Jenny Hval è una paladina di questo assetto. Si pensi, ad esempio, a Blood Bitch (2016) dove mestruazioni, vampiri e sangue sparso negli horror diventavano canoni paradigmatici dell’essere femmineo. O ancora, il grande – e forse più importante lavoro – Innocence Is Kinky. Dove… beh, il titolo è già abbastanza provocatorio così com’è.
Uno dei suoi romanzi si chiama Paradise Rot: A Novel. E molti dei suoi interventi sulla letteratura non sono certo da meno in quanto a personalità, irriverenza e sapore scandalistico. La compositrice norvegese è un personaggio da non sottovalutare. E anche stavolta, con il nuovo The Practice of Love ci troviamo di fronte a un album significativo, seppur meno entusiasmante delle premesse che potevano scaturire dalla sua personalità, evolutasi attraverso impudenze, tabù esplicitati e irrisioni culturali.

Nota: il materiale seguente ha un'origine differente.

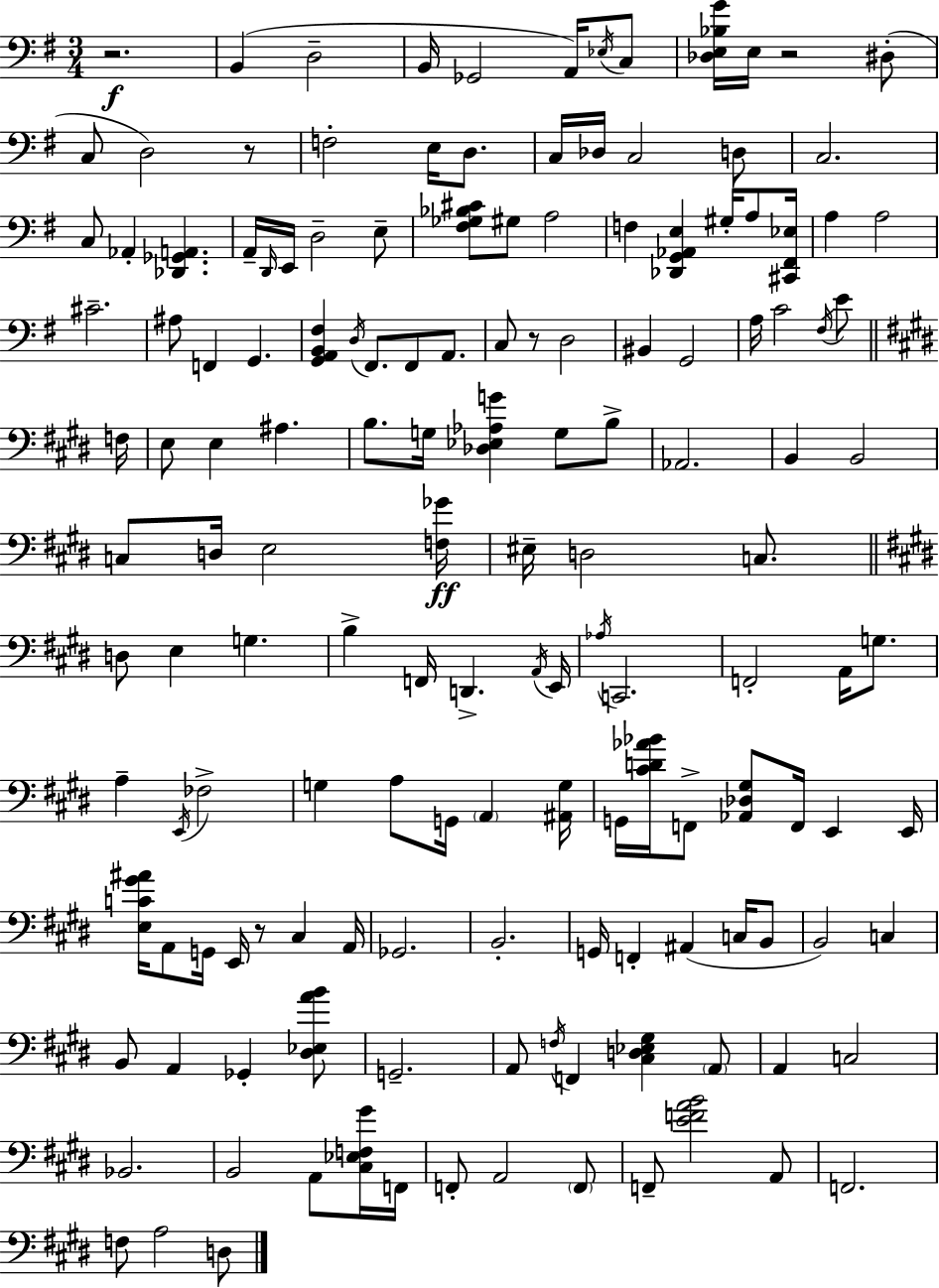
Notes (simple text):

R/h. B2/q D3/h B2/s Gb2/h A2/s Eb3/s C3/e [Db3,E3,Bb3,G4]/s E3/s R/h D#3/e C3/e D3/h R/e F3/h E3/s D3/e. C3/s Db3/s C3/h D3/e C3/h. C3/e Ab2/q [Db2,Gb2,A2]/q. A2/s D2/s E2/s D3/h E3/e [F#3,Gb3,Bb3,C#4]/e G#3/e A3/h F3/q [Db2,G2,Ab2,E3]/q G#3/s A3/e [C#2,F#2,Eb3]/s A3/q A3/h C#4/h. A#3/e F2/q G2/q. [G2,A2,B2,F#3]/q D3/s F#2/e. F#2/e A2/e. C3/e R/e D3/h BIS2/q G2/h A3/s C4/h F#3/s E4/e F3/s E3/e E3/q A#3/q. B3/e. G3/s [Db3,Eb3,Ab3,G4]/q G3/e B3/e Ab2/h. B2/q B2/h C3/e D3/s E3/h [F3,Gb4]/s EIS3/s D3/h C3/e. D3/e E3/q G3/q. B3/q F2/s D2/q. A2/s E2/s Ab3/s C2/h. F2/h A2/s G3/e. A3/q E2/s FES3/h G3/q A3/e G2/s A2/q [A#2,G3]/s G2/s [C#4,D4,Ab4,Bb4]/s F2/e [Ab2,Db3,G#3]/e F2/s E2/q E2/s [E3,C4,G#4,A#4]/s A2/e G2/s E2/s R/e C#3/q A2/s Gb2/h. B2/h. G2/s F2/q A#2/q C3/s B2/e B2/h C3/q B2/e A2/q Gb2/q [D#3,Eb3,A4,B4]/e G2/h. A2/e F3/s F2/q [C#3,D3,Eb3,G#3]/q A2/e A2/q C3/h Bb2/h. B2/h A2/e [C#3,Eb3,F3,G#4]/s F2/s F2/e A2/h F2/e F2/e [E4,F4,A4,B4]/h A2/e F2/h. F3/e A3/h D3/e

Il titolo riprende quello del film austriaco del 1985, diretto da Valie Export. Era stata proprio lei a dire: «Lasciate che le donne parlino di modo tale da trovare loro stesse, questo è quello che chiedo per raggiungere un’immagine definita da noi stesse e per una diversa visione della donna nel sociale». Il tema del disco, uscito lo scorso 13 settembre, riprende quelle tonalità nevrotiche familiari e matrimoniali tipiche di quella che consideriamo la pratica dell’amore.
In Accident il revival elettropop prende di certo il sopravvento sulla sperimentazione. Il video e il testo battono ancora sul tema della maternità e della gravidanza non voluta di nuovo metafora per più ampie considerazioni. E nonostante ci si potesse aspettare qualunque cosa – forse più legata alle produzioni precedenti con la Rune Grammofon – la Hval sceglie di settarsi su coordinate art e synth pop piuttosto consuete, pur regalando un brano che funziona fin dal primo ascolto.